## [YOUR OBJECTIVE]
In the records below, find the line containing "White rectangular hot" and print it and every line after it exactly, through the end. Skip pictures.

== Segment start ==

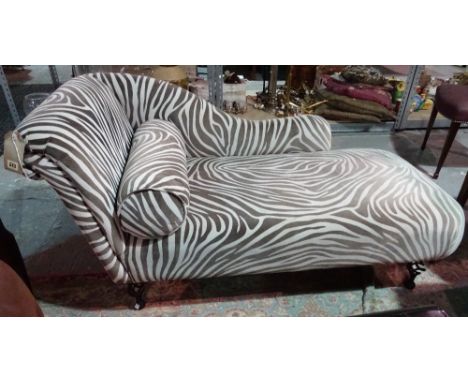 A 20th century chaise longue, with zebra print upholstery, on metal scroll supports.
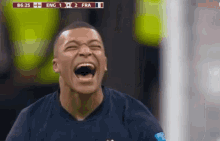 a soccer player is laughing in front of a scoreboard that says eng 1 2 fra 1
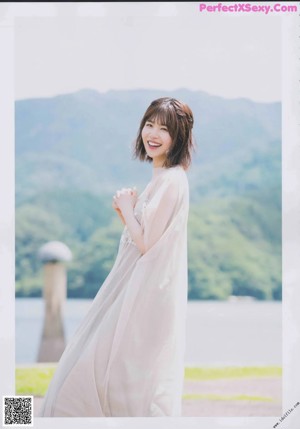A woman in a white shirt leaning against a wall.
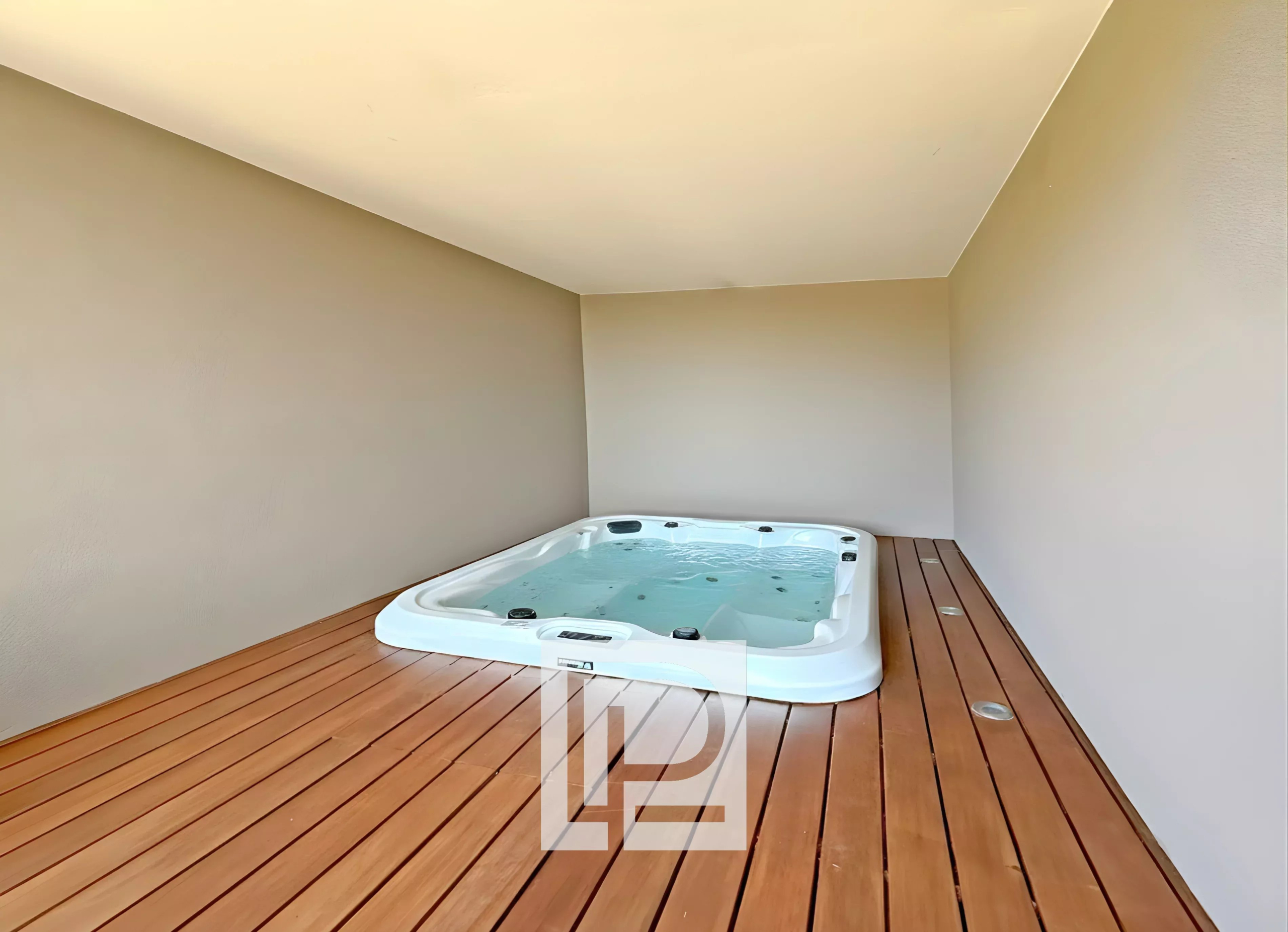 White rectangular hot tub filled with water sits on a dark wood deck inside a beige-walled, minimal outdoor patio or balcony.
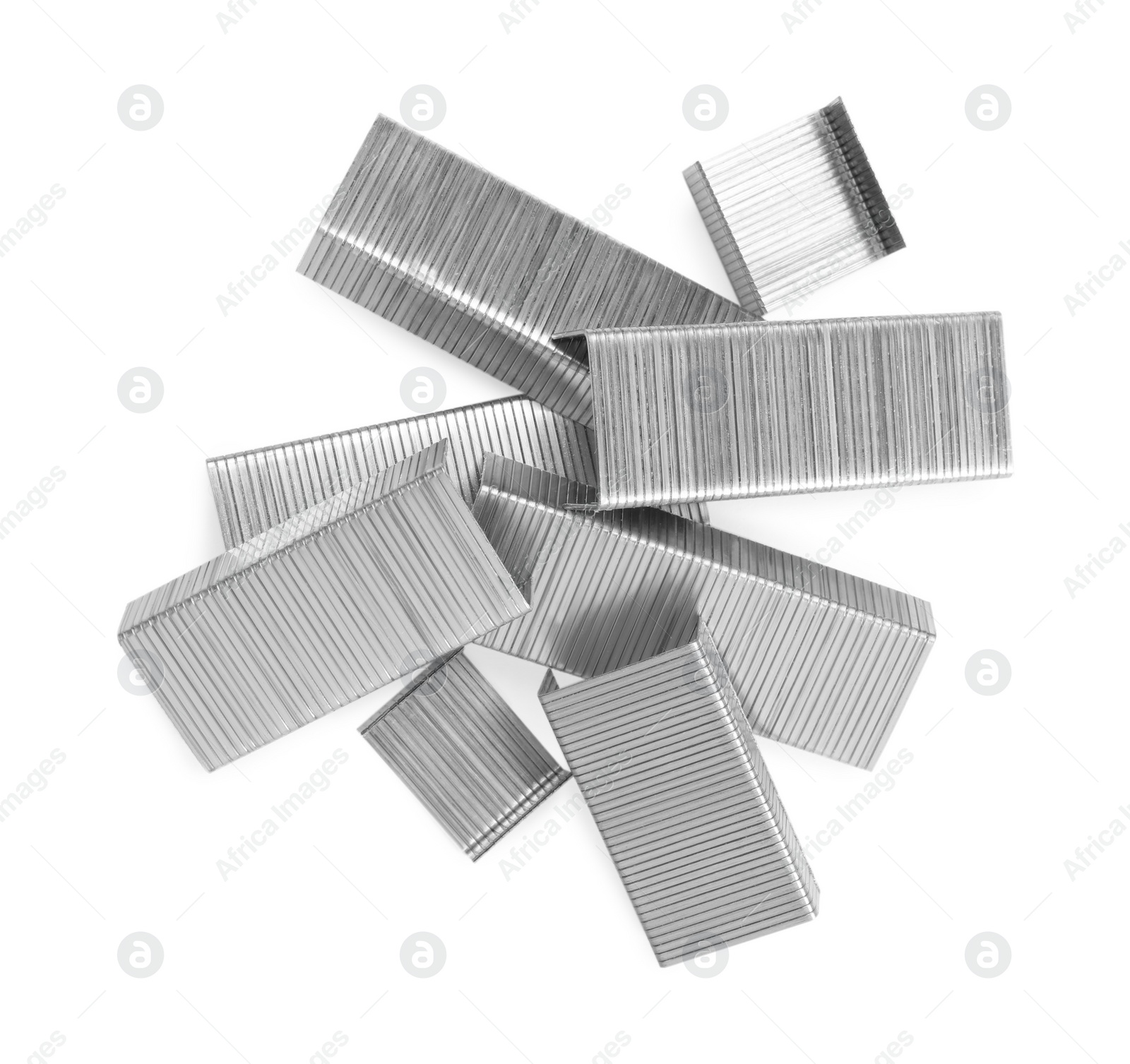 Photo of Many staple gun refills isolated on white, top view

== Segment end ==

## [PROBLEM SOLUTION]
 White rectangular hot tub filled with water sits on a dark wood deck inside a beige-walled, minimal outdoor patio or balcony.
 Photo of Many staple gun refills isolated on white, top view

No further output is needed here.